Extracted information section start
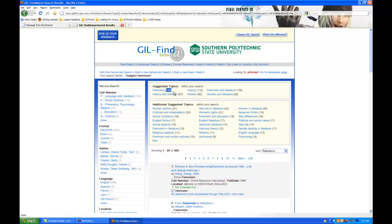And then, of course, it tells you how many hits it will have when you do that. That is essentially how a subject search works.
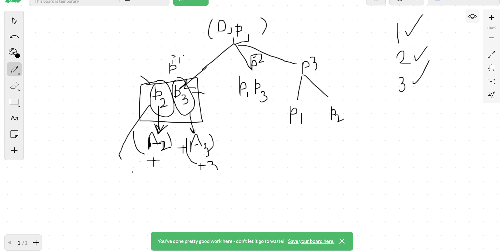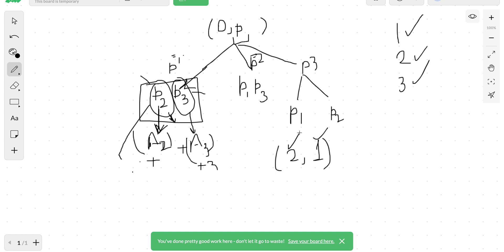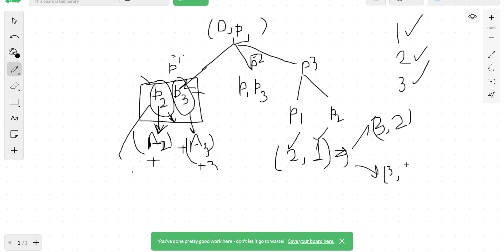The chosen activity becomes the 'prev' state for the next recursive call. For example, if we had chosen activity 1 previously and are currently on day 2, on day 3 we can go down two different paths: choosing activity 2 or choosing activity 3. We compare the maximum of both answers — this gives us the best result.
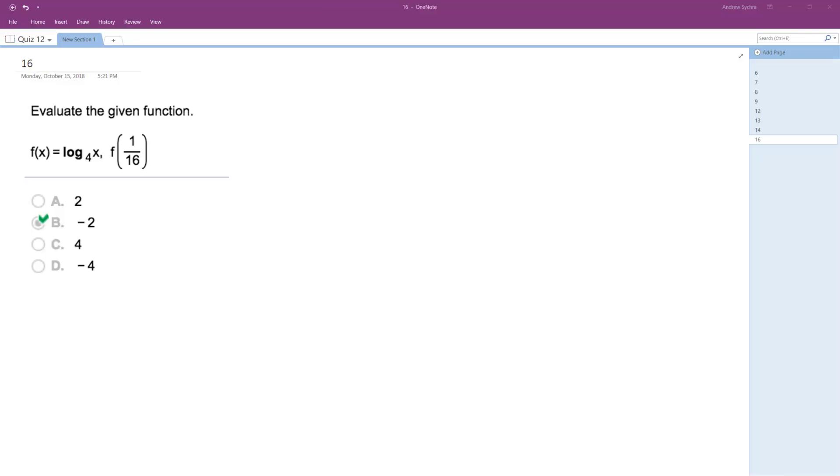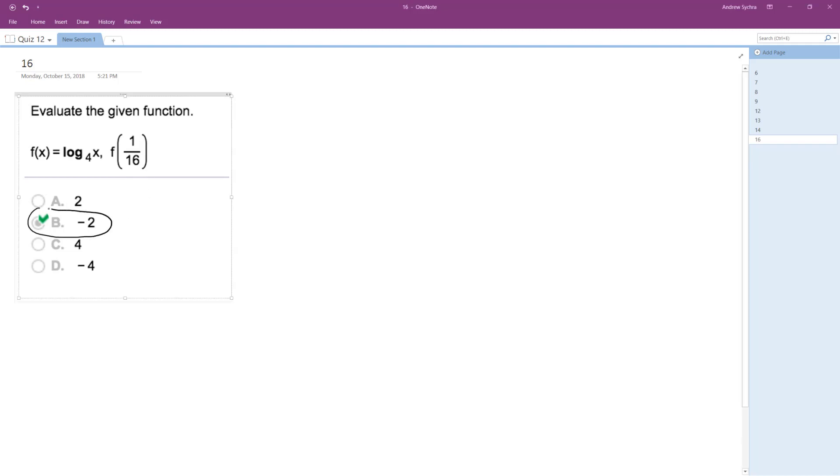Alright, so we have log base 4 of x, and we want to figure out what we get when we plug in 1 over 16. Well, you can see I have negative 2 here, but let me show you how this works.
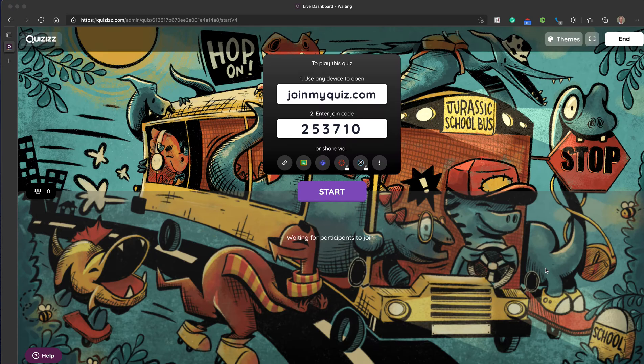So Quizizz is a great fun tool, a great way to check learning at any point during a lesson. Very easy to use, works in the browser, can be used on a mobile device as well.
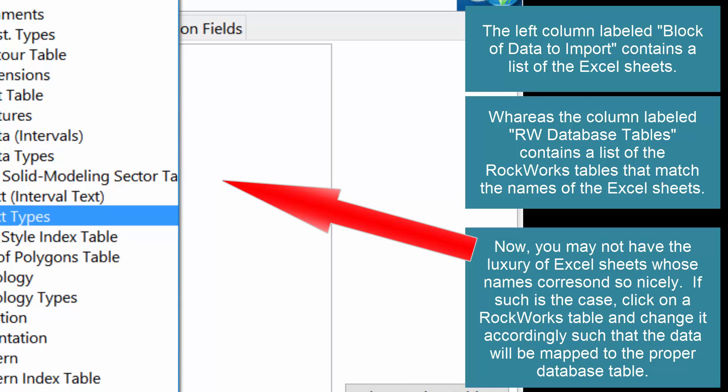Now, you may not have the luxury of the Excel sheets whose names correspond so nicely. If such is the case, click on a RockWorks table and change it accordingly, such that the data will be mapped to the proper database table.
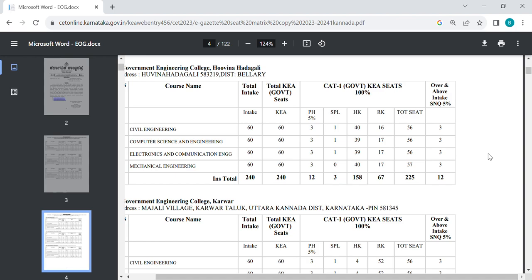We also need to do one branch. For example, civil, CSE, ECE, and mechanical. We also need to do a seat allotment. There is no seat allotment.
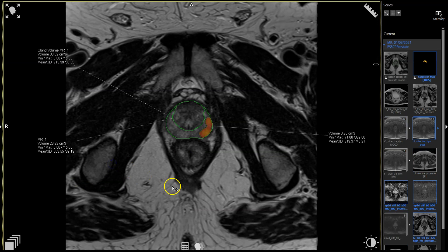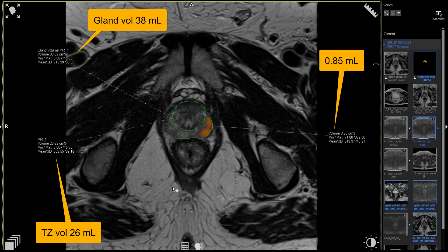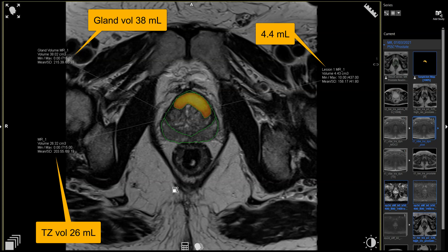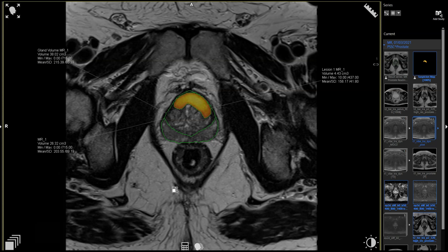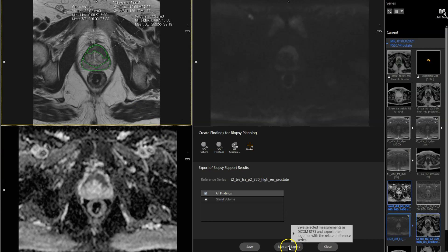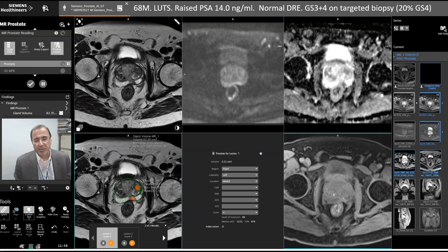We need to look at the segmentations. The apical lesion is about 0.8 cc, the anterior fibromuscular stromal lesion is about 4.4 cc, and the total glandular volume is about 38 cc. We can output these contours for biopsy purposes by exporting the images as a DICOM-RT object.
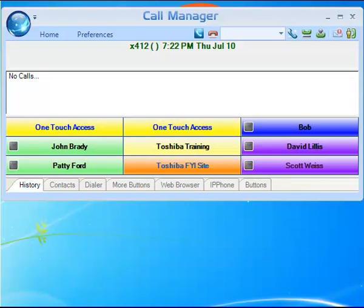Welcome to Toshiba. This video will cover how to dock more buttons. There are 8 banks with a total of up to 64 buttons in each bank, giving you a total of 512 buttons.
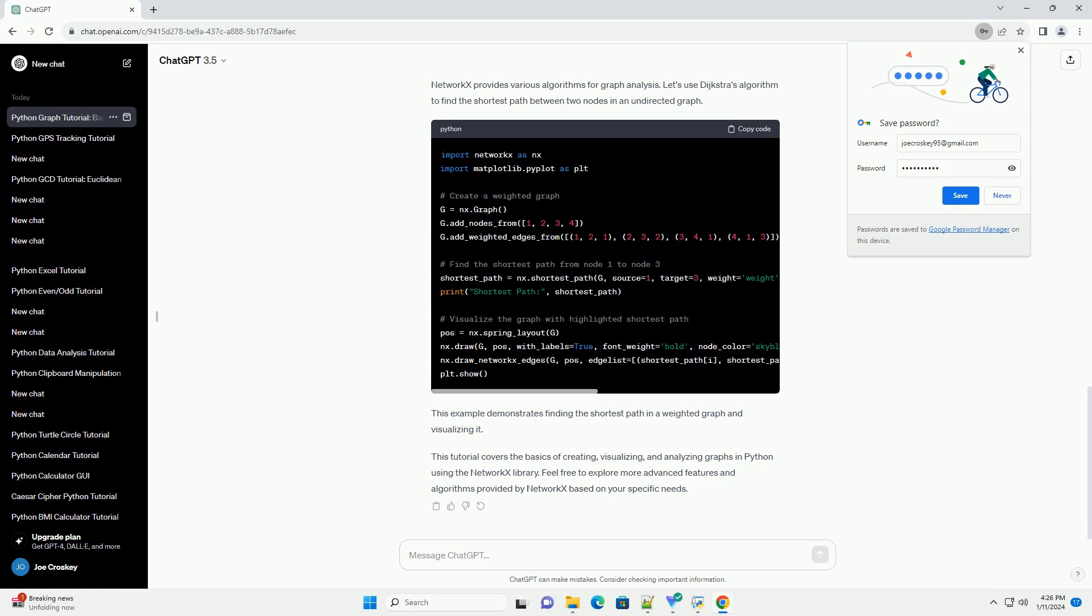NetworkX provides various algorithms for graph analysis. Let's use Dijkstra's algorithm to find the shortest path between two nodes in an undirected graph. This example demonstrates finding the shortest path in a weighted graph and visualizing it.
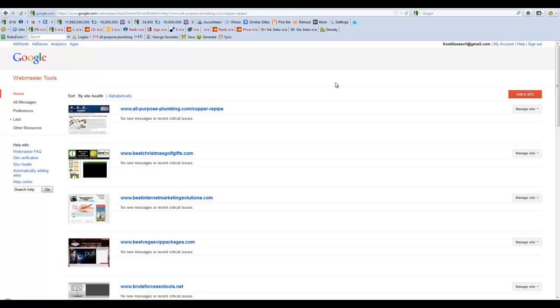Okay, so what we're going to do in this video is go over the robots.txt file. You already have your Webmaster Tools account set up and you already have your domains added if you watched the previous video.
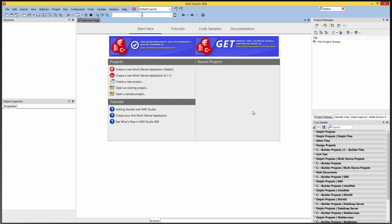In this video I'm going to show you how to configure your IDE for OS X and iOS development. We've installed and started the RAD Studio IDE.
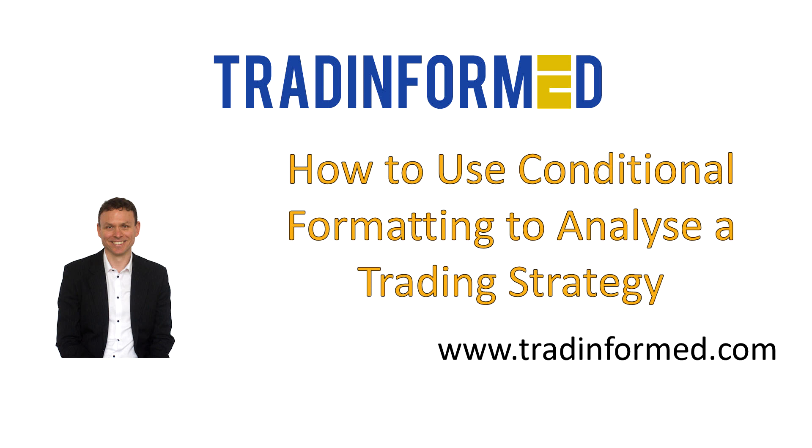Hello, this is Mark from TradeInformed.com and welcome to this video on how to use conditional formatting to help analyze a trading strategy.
Extracted information section end
Extracted information section start
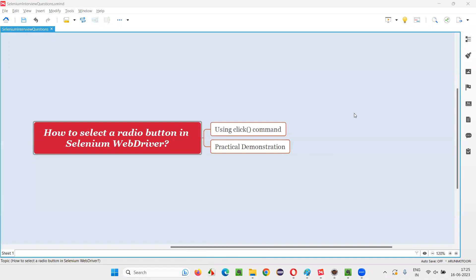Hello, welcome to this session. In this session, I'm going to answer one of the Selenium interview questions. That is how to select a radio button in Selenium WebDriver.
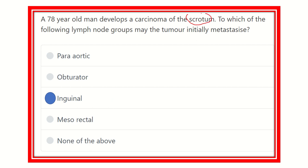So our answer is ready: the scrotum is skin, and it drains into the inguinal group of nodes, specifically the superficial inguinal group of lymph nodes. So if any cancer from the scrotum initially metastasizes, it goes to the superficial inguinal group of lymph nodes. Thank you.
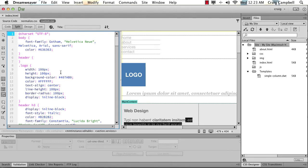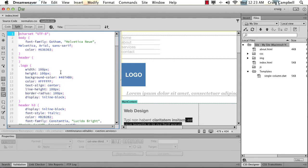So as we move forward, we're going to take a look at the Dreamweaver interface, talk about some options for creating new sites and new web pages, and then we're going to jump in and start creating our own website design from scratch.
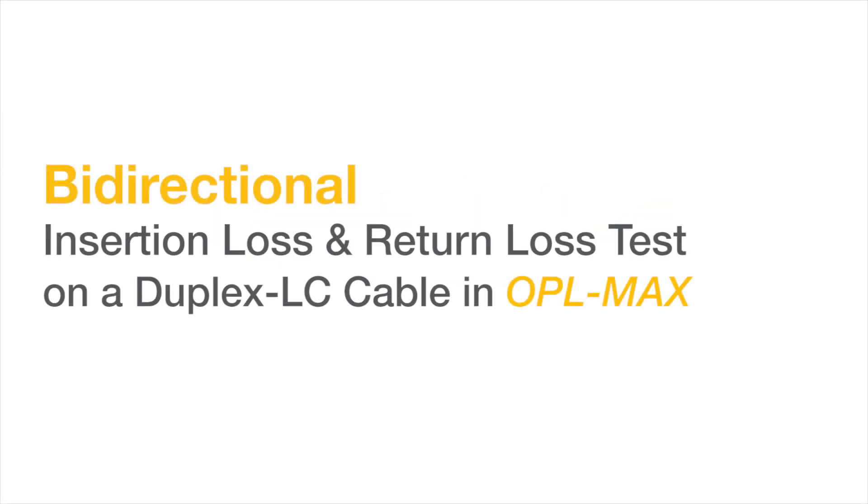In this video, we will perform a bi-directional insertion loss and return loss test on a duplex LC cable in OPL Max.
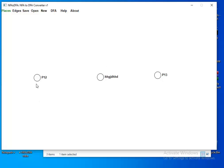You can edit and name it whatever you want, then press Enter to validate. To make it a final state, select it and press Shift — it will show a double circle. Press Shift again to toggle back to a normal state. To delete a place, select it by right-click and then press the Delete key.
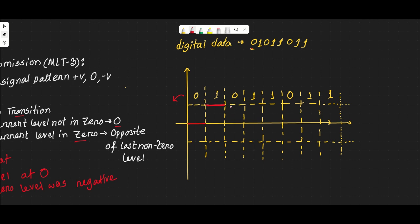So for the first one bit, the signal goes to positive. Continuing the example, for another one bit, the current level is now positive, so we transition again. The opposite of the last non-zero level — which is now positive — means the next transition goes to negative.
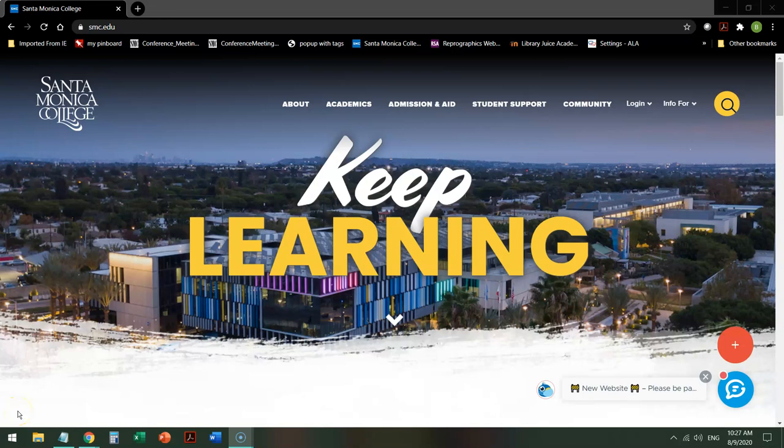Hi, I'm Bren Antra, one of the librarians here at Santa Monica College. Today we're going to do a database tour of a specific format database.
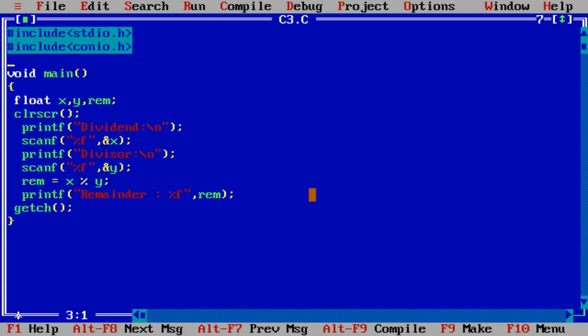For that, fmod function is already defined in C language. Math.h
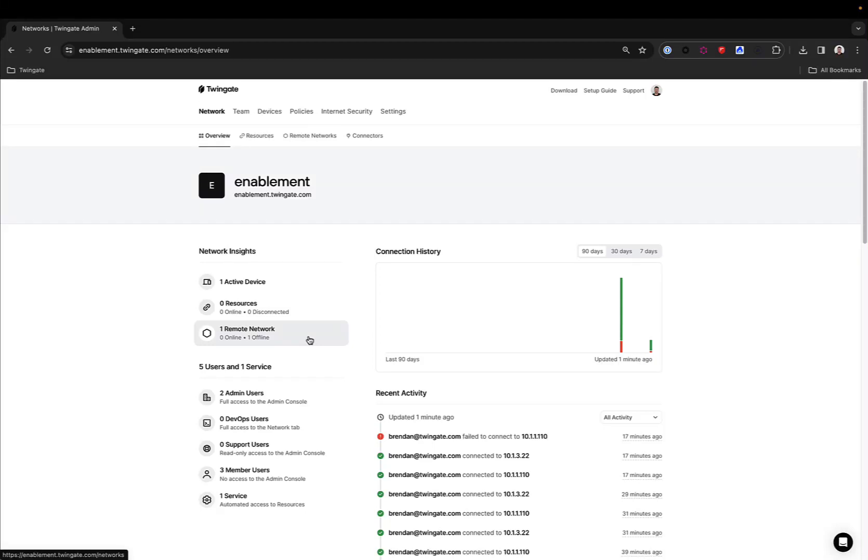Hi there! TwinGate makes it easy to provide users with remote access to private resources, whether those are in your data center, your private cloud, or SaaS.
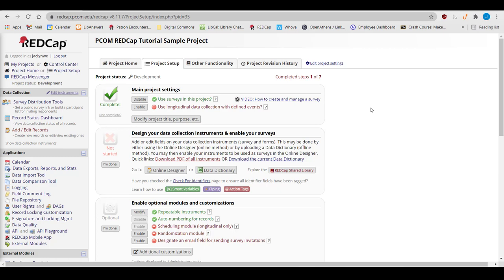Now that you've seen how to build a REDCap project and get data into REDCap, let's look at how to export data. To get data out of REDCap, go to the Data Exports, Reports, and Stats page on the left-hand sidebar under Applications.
Extracted information section end
Extracted information section start
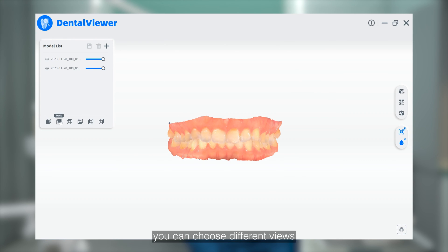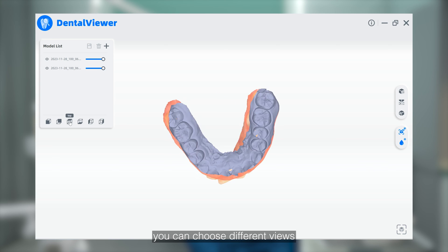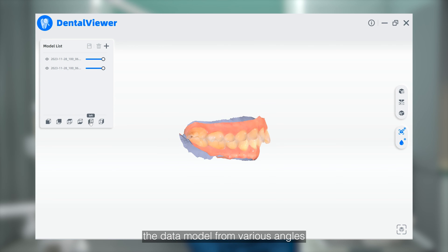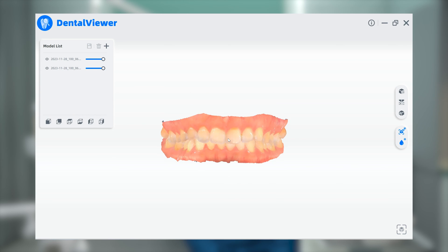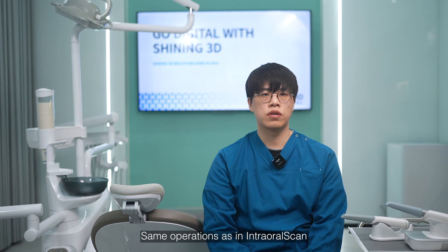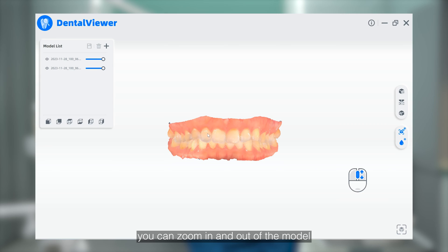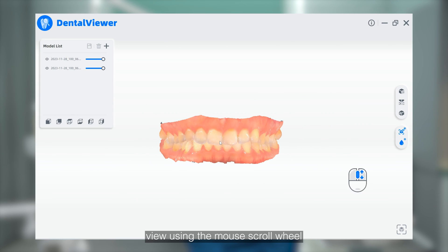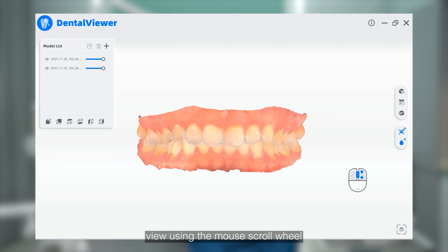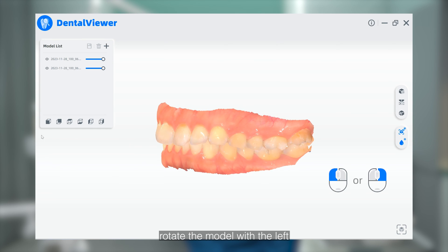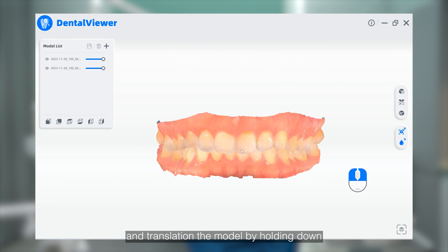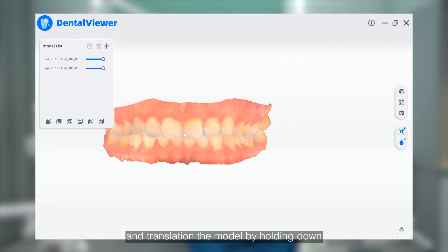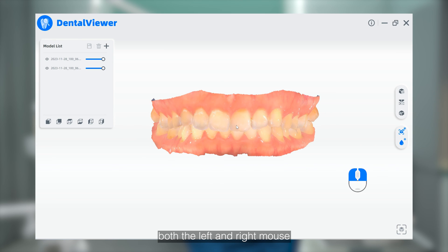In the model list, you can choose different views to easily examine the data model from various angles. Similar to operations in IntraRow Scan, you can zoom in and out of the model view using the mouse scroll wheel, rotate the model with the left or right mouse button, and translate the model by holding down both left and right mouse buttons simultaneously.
Extracted information section end
In the listing above, find the line with "Now, you may" and output every line through the one with "Hello, this is", exactly, without the pictures.

Now, you may not have the luxury of the Excel sheets whose names correspond so nicely. If such is the case, click on a RockWorks table and change it accordingly, such that the data will be mapped to the proper database table.
We also need to do one branch. For example, civil, CSE, ECE, and mechanical. We also need to do a seat allotment. There is no seat allotment.
We need to look at the segmentations. The apical lesion is about 0.8 cc, the anterior fibromuscular stromal lesion is about 4.4 cc, and the total glandular volume is about 38 cc. We can output these contours for biopsy purposes by exporting the images as a DICOM-RT object.
Welcome to Toshiba. This video will cover how to dock more buttons. There are 8 banks with a total of up to 64 buttons in each bank, giving you a total of 512 buttons.
NetworkX provides various algorithms for graph analysis. Let's use Dijkstra's algorithm to find the shortest path between two nodes in an undirected graph. This example demonstrates finding the shortest path in a weighted graph and visualizing it.
Okay, so what we're going to do in this video is go over the robots.txt file. You already have your Webmaster Tools account set up and you already have your domains added if you watched the previous video.
In this video I'm going to show you how to configure your IDE for OS X and iOS development. We've installed and started the RAD Studio IDE.
Hello, this is Mark from TradeInformed.com and welcome to this video on how to use conditional formatting to help analyze a trading strategy.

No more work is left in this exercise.